The EU’s about-face also weakens efforts to clean up the supply chains of technologies needed for the energy transition such as electric vehicles, batteries and solar panels.

“Clean tech cannot be ‘clean’ if the raw materials behind it are mined under weakened standards. This is what made the spirit of the CSDDD so promising: it paired climate transition plans to cut fossil-fuel dependence with robust human-rights and environmental due diligence across clean-tech supply chains,” Beller added.

Lower bar on supply chain oversight

The rules will now only apply to companies established in the EU with at least 5,000 employees and a net global turnover of 1.5 billion euros. It had originally applied to companies with at least 1,000 employees and turnover of 450 million euros. Member states have until July 2028 to transpose the requirements into national law.

When assessing their supply chains, companies will need to follow a risk-based approach and focus on areas that carry the biggest potential for harm. For example, an EV maker might focus on the production of the battery, which requires a range of different minerals whose extraction and processing carry high risks.

However, companies are no longer required to carry out comprehensive mapping of their direct and indirect suppliers. Instead, they will need to conduct “a general scoping exercise” based on “reasonably available information”.

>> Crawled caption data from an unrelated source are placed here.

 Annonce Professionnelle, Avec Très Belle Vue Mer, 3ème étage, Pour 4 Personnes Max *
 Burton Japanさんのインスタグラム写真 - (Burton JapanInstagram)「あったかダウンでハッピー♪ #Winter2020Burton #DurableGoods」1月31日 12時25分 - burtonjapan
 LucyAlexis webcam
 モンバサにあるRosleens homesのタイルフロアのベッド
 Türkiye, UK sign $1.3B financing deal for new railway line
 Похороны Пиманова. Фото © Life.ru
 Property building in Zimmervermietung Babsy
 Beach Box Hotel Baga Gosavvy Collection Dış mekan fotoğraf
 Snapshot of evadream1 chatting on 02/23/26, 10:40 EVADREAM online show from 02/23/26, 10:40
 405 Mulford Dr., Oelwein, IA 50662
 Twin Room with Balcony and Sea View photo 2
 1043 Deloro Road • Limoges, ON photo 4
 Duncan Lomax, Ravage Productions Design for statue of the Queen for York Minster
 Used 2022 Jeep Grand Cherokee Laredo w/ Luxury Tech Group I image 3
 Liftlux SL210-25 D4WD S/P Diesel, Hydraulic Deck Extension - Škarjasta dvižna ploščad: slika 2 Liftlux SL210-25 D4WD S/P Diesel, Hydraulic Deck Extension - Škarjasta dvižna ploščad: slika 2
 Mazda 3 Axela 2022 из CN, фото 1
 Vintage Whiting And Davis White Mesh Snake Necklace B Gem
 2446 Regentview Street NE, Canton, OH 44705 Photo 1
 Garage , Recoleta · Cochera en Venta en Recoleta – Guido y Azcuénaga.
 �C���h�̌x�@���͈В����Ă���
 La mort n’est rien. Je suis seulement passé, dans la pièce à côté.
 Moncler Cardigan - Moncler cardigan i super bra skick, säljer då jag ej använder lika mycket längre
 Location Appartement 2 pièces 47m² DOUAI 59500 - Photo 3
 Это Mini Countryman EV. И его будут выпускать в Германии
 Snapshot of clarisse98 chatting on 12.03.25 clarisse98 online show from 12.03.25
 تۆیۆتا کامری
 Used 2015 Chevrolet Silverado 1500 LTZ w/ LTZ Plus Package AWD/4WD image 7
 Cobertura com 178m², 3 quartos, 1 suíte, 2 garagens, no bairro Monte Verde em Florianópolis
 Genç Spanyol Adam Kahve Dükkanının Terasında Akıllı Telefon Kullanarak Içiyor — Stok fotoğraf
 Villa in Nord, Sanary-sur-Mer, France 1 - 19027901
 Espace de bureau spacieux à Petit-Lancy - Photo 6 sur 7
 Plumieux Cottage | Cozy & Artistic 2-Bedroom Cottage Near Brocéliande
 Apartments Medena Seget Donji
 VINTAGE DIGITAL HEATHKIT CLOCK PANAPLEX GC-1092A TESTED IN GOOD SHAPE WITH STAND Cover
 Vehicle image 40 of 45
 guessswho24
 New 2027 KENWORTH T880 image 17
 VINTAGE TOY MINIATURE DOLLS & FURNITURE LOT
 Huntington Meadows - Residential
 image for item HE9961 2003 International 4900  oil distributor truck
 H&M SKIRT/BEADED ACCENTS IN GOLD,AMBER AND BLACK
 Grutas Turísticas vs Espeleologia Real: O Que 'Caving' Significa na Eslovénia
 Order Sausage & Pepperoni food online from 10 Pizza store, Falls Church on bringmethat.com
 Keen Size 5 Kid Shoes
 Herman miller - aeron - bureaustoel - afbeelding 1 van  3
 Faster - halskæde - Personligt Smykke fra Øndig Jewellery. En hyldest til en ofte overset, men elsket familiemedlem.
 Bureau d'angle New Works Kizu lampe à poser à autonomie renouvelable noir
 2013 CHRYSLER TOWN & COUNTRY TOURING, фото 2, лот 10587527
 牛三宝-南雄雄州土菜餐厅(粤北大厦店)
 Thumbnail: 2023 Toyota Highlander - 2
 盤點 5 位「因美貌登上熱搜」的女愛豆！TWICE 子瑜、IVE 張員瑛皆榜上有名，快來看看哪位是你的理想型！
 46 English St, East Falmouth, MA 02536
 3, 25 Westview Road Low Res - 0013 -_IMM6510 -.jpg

Johannes Blankenbach, a senior researcher at the Business and Human Rights Resource Centre, told Climate Home News that it is important that companies identify risks beyond their direct suppliers.

That’s because the most severe risks typically lie further up the supply chain, for example, where raw materials are sourced or extracted from the ground, he said.

In addition, harmonised rules across the EU to allow victims of harms to take companies to court have been removed, which will make it more difficult for communities to find legal remedies, Blankenbach added.

While the EU Commission said the less onerous requirements should help drive investment, Sonia Dunlop, CEO of the Global Solar Council, a trade body for the solar industry, said investors in solar farms wanted guarantees about the origin of solar panels and battery storage equipment.

“They want to know where it was made, and they want to know that it was properly made according to the highest environmental, social and governance standards,” she said, citing industry initiatives to boost supply chain transparency and standards such as the Solar Stewardship Initiative.

She said the initiative had been spurred by both the EU’s plan to tighten due diligence laws as well as industry concerns over the use of forced labour in the production of polysilicon used in solar panels in China’s Xinjiang region.